So, I mentioned that part of what gives me a lot of confidence in our future is much of our performance is coming from early adoption of new conversion tools like — or new measurement tools like our conversion API and new capabilities like mobile deep linking that right now have been adopted by a smaller set of our larger, more sophisticated advertisers. As we move along that adoption curve, I think that bodes well for how we can compete more broadly, particularly on shopping-type actions, conversion objectives, and these lower-funnel objectives. So, those are really good early indicators that as we move on the adoption curve, I feel quite good about. You asked also about which categories we think of. Shopping is pretty broad based on our platform.
There are some obvious ones that you would think about, women’s fashion and apparel and those kinds of things that are definitely places where we have very large engagement, significant opportunity. We have other large moment engagement, things like weddings and home redesigns and these kinds of things that are meaningful user behaviors as well. We have some really interesting emerging behavior also. Todd mentioned growth in things like autos and men’s fashion, Gen Z being our fastest-growing demographic. So we feel like shopping is a broad-based opportunity. While there are some categories that we will lean into first, we see it as quite broad-based, probably more broad-based than many may appreciate on our platform. Todd, I don’t know anything you would add to that?
Todd Morgenfeld: Yes. I mean, I think there’s a different way of cutting it too. I think everything Bill said is absolutely right. The other way of thinking about it is just in terms of these joint business partnerships that we signed. So if you cut the market by large versus small as opposed to category of retail or category of shopping marketplace, we’ve seen — I think I talked about it a couple of quarters ago that we saw 25% growth in joint business partnerships first half of 2022 versus first half of 2021. And we talked at the time about how that was a source of confidence in that the ad stack and the experience, the full funnel model here was working for the largest, most sophisticated advertisers. We ended the year up 27% year-over-year on joint business partnerships.

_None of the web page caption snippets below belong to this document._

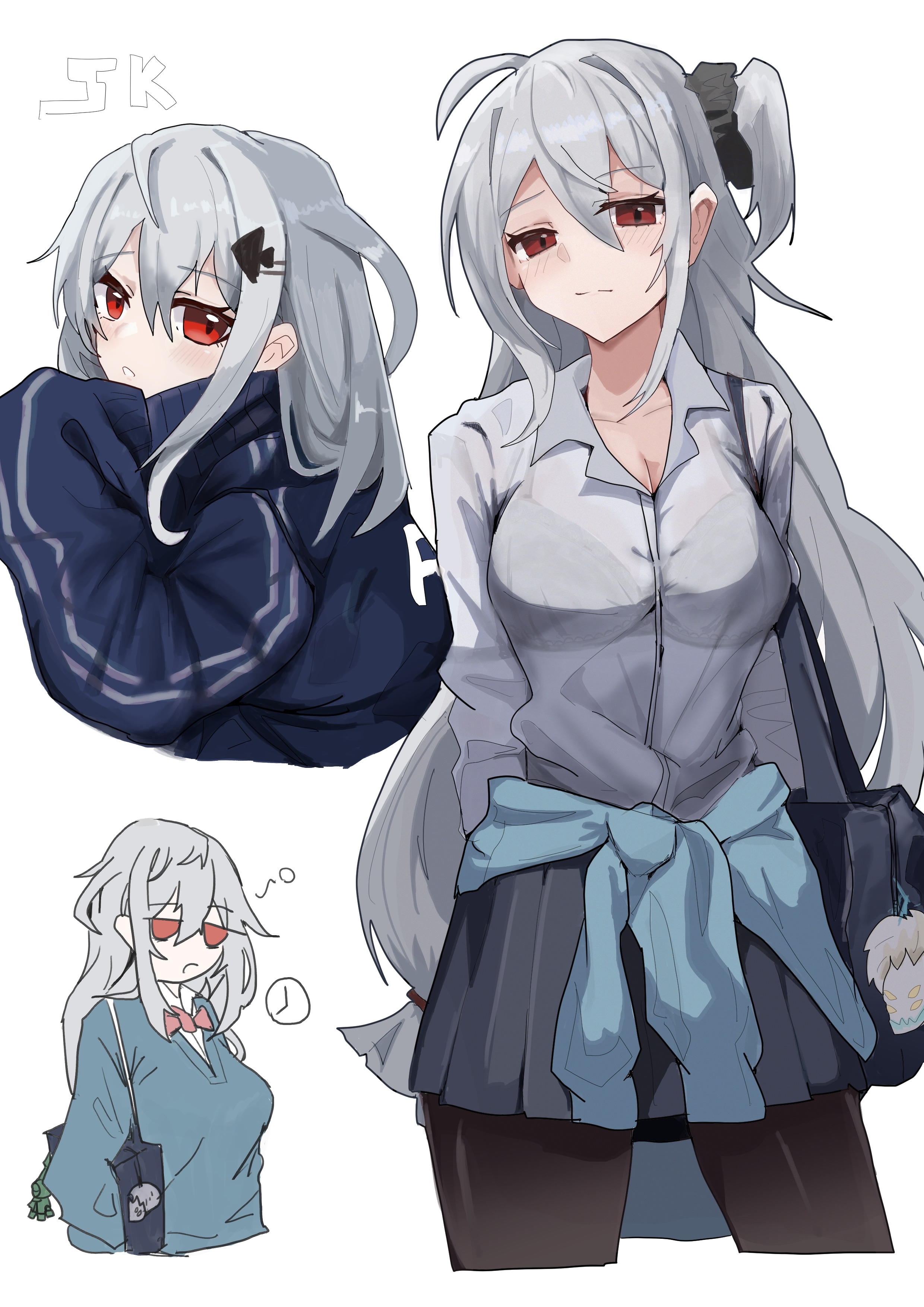 skadi (arknights), arknights, absurdres, highres, bag, black bra, black pantyhose, black skirt, blue jacket, blush, bra, bra visible through clothes, breasts, cleavage, closed mouth, clothes around waist, grey hair, grey shirt, hair between eyes, hair ornament, jacket, jacket around waist, lastmatch500, long hair, looking at viewer, medium breasts, miniskirt, multiple views, one side up, pantyhose, parted lips, pleated skirt, purple jacket, red eyes, shirt, shoulder bag, simple background, skirt, turtleneck, turtleneck jacket, underwear, white background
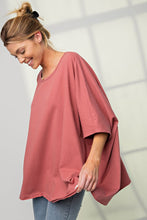 Load image into Gallery viewer, Easel Cotton Jersey Oversized Boxy Tunic in Marsala Top Easel   
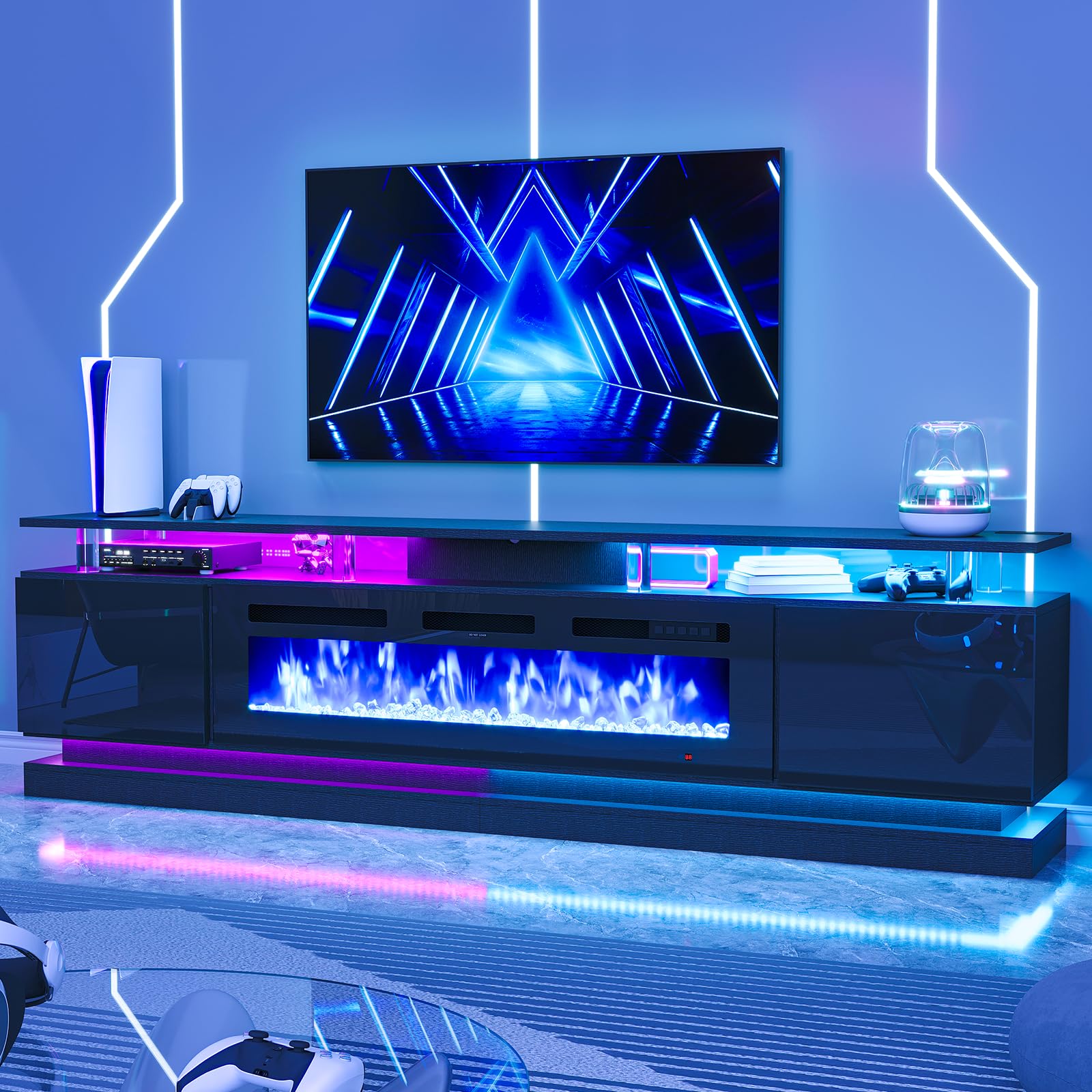 Nordivale 70" Fireplace TV Stand, Modern Entertainment Center for TVs Up to 80”, TV Console with Storage Cabinets, Media Console for Living Room, Black TV Stand and Black Fireplace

So we saw that tick up. And so from the standpoint of what Bill was describing, some of the largest, most sophisticated specialty e-commerce and specialty retailers are seeing great success on the platform. And that expands from brand through consideration, through purchase behavior. So really high confidence in success being driven by some of these larger players through the cycle where there’s been a lot more resilience.
Brian Nowak: Thank you, Bill.
Operator: Thank you, Mr. Nowak. The next question is from Rich Greenfield with LightShed Partners. Please proceed.
Rich Greenfield: Hi. Thanks for taking the question. Bill, how should we think about your comments around time spent in deepening engagement. I mean, is there — I know you’re only reporting sort of — you sort of give us overview metrics, like you haven’t gotten to DAU yet. But it does feel like — I mean, is that the metric that you’re sort of solving for is to get people to be using Pinterest on a daily basis? And like you made these comments about sort of Gen Z and video. And I’m curious if a user touches video Pin, do they end up spending a lot more time on Pinterest, if they create X number of boards? Like I guess what I’m trying to understand is what the unlock it gets someone to spend meaningfully more time? Is it engaging with video, creating a board?